How quickly and successfully the economic landscape improves is dependent upon any number of variables. Certainly, the printing industry hasn’t been immune to the financial discord of 2008. But, back when the talk was of a possible recession—before the ramifications of the aforementioned issues came to light and the world collectively panicked in early October—there lumbered a great and proud printing giant, hemorrhaging stock value, unable to shed European assets that had become a liability, and in grave danger of becoming the biggest North American printer to perish.
Now, as retail businesses gulp at the prospect of a U.S. consumer public more concerned with squirreling away funds than spending lavishly in anticipation of the holiday season, out of the turmoil steps Quebecor World, smoothing over its jacket, straightening its tie, ready to step out for the evening.

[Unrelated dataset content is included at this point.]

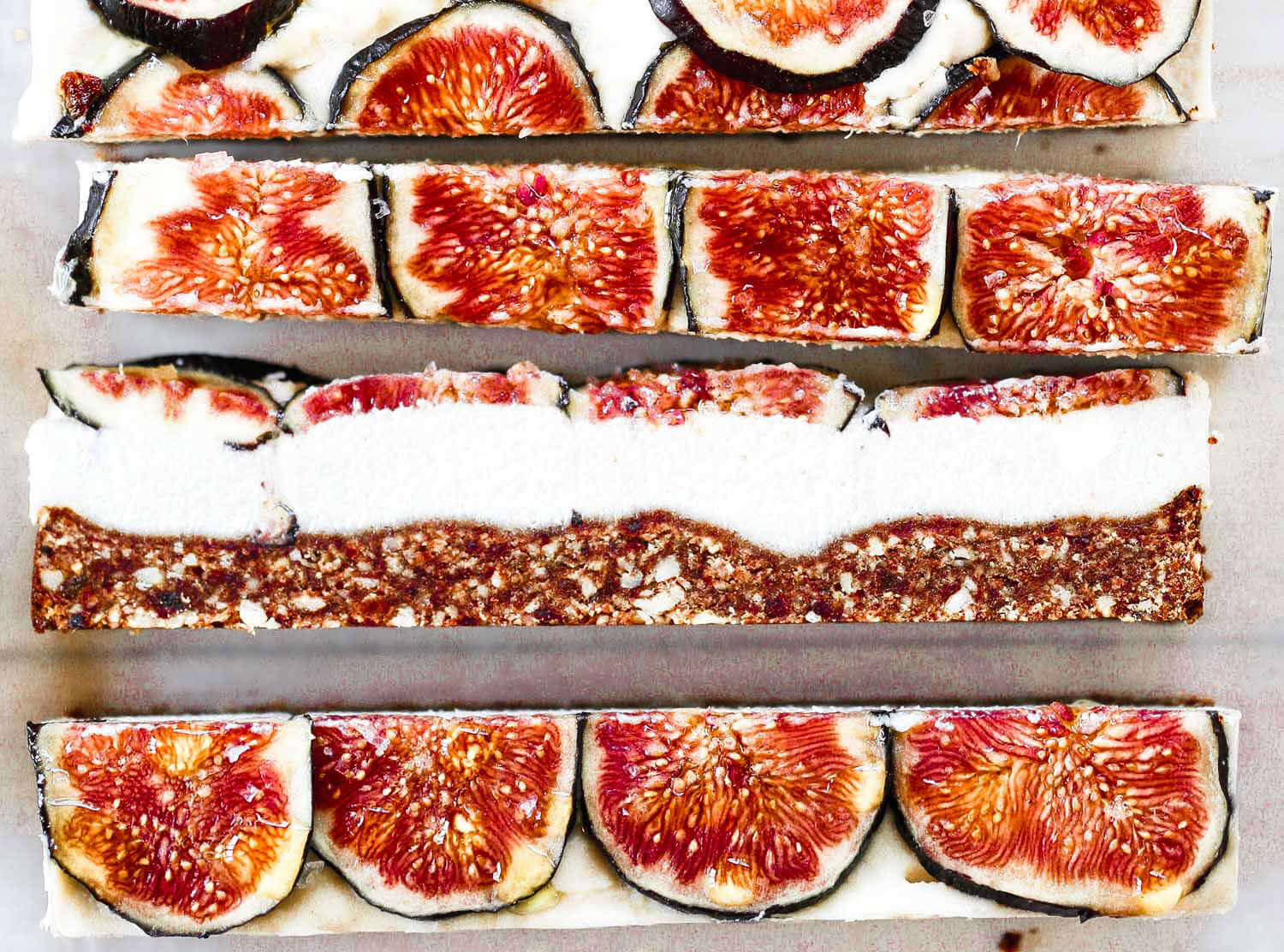 Easy vegan paleo fig and honey cheesecake with a delicious crisp “graham cracker” crust. Gluten free and so super easy to make! Freezer friendly, but not a necessity! dairy free cheesecake recipe. Raw paleo cheesecake recipe. No bake cashew cheesecake. Best gluten free vegan cheesecake. Raw paleo cheesecake recipe. No bake cheesecake recipe. Paleo cream cheese. Best paleo dessert recipes. Healthy paleo cheesecake fig cheesecake. .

Financial turmoil? Been there, done that, and now in a much different place. The Montreal-based magazine, book, catalog, direct mail, directory, magazine and retail insert printer has experienced a roller coaster of fortunes in 2008—bankruptcy, a new leader, new accounts, lost accounts, done deals gone sour, financing misfires and triumphs, shuttered facilities, lost jobs, and now...a new hope.
The pride of Montreal, which posted sales of approximately $5.7 billion in 2007—a loss of about $300 million from the previous campaign—is just about ready to retake its place among the ranks of fiscally viable printing companies with strong balance sheets. As of mid-October, the company was to start discussing terms of a bankruptcy exit plan with creditors (including exit financing), which would be followed by entering into a term sheet with its biggest stake holders.
Once the term sheet is secured, notes Jacques Mallette, president and CEO of Quebecor World, it generally takes three to four months to exit bankruptcy protection.
Barring any bumps in the road—mindful that the company has to deal with reorganizational laws in two countries—Mallette anticipates term sheet approval by the conclusion of 2008. The end is near, and so is the beginning. A new name, fresh logo, bold identity and a refocused mission statement will usher in a new era and a possible return to greatness for North America’s second largest printing conglomerate. Along with organic growth, the company that expanded through acquisition will one day soon be active on the M&A landscape and perhaps add to its stable of 100 facilities and 24,000 employees.